++++ DATA SECTION

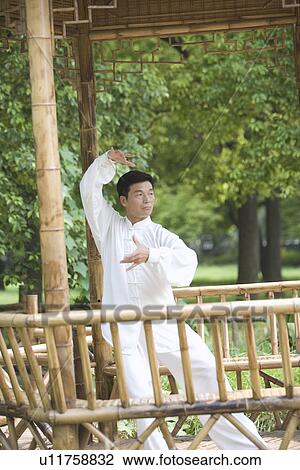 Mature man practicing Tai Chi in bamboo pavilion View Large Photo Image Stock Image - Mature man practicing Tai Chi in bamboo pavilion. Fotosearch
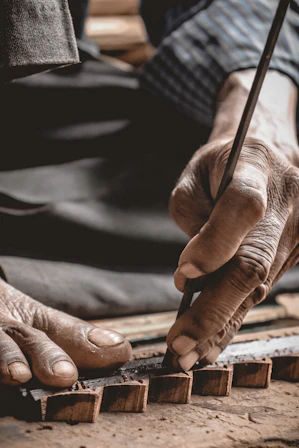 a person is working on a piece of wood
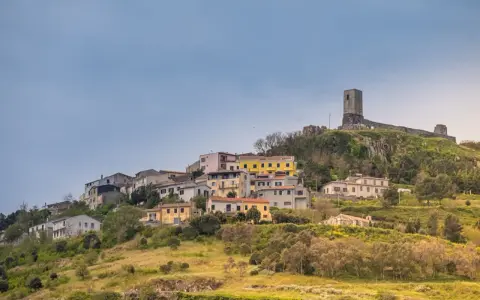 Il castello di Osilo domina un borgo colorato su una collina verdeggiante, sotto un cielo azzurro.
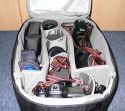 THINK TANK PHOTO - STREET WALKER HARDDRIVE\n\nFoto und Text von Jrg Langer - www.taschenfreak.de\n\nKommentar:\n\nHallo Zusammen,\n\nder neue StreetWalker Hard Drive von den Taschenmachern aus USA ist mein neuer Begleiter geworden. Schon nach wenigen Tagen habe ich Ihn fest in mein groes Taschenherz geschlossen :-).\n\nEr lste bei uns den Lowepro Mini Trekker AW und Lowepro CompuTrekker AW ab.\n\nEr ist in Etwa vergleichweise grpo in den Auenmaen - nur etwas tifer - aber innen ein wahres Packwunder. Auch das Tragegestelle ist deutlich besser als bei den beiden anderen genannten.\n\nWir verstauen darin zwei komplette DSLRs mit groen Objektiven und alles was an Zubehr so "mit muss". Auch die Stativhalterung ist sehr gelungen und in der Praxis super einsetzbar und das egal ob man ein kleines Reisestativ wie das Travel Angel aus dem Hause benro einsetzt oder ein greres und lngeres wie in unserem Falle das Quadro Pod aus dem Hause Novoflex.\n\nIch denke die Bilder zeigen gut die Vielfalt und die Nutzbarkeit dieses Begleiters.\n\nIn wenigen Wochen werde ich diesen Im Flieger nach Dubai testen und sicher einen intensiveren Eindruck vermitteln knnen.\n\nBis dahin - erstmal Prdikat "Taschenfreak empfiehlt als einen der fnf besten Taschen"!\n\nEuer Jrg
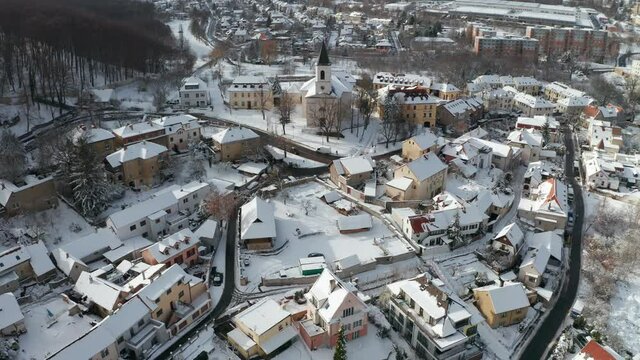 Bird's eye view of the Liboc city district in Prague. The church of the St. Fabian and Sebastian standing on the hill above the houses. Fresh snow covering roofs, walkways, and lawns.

++++++++
++++ DATA SECTION

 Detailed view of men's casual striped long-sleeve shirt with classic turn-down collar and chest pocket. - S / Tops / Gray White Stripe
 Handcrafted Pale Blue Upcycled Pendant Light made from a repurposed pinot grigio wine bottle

++++++++

Above are the records; from them, give again exactly the lines from the one containing "Detailed view of" to the one containing "Handcrafted Pale Blue", both lines included, and nothing more.

 Detailed view of men's casual striped long-sleeve shirt with classic turn-down collar and chest pocket. - S / Tops / Gray White Stripe
 Handcrafted Pale Blue Upcycled Pendant Light made from a repurposed pinot grigio wine bottle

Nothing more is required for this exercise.